The new statutory rules governing the supply of services provoke two general comments. First, they are regarded, both by the draftsmen of the National Consumer Council report and by Parliament, as purely codificatory of the common law. We shall later consider the validity of this assumption but, even if it is accurate, it raises the question of why such codification was thought to be either necessary or desirable.
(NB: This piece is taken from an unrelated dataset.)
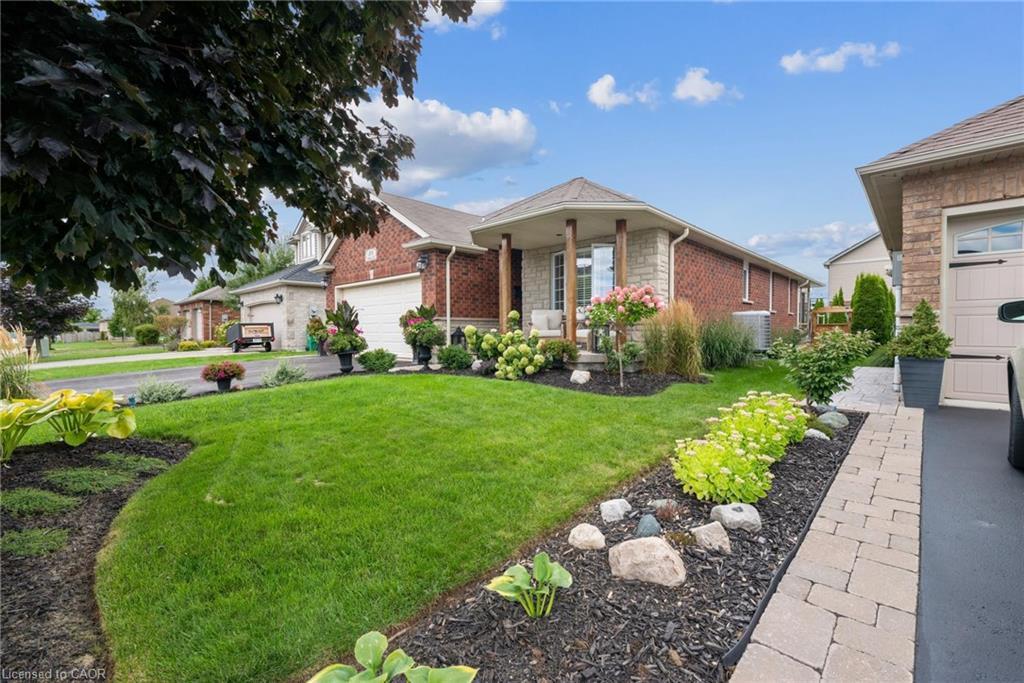 38 Stafford Street, Elora, ON - Outdoor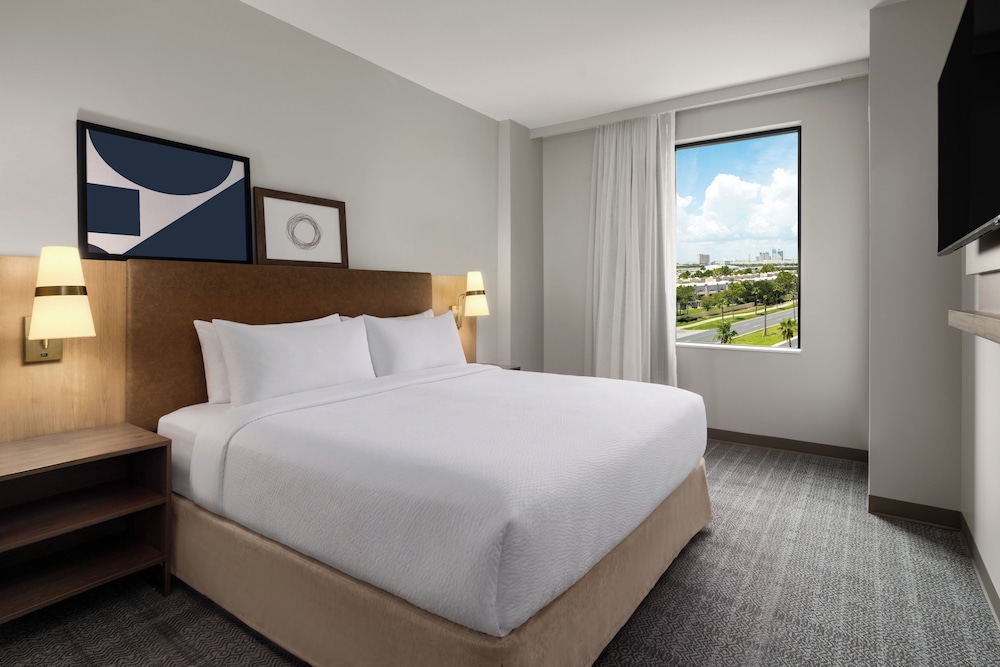1 Bedroom, Suite, King Bed, Bath and Shower, Kitchen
The answer to this, it appears, is that to enshrine even well-established consumer rights in statute gives them added clarity, facilitates reference to them and places them more squarely in the public eye.2
The second general characteristic of Part II is that of an interim measure, for it was announced in the House of Commons on 20th July 1982 that the Law Commission had been asked to consider, in the light of the 1982 Act:
“(a) what reforms, if any, should be made to the terms to be implied by law in a contract for the supply of a service; (b) whether, as against a consumer, the exclusion or restriction of the supplier’s liability for breach of any of such implied terms should be prohibited; (c) the consequences of breach by a supplier of any such terms”
and to make recommendations. When it reports, the Law Commission may of course regard Part II in its existing form as the optimum solution; however, it is difficult to believe that an avowedly interim codificatory measure was truly a matter of any great urgency.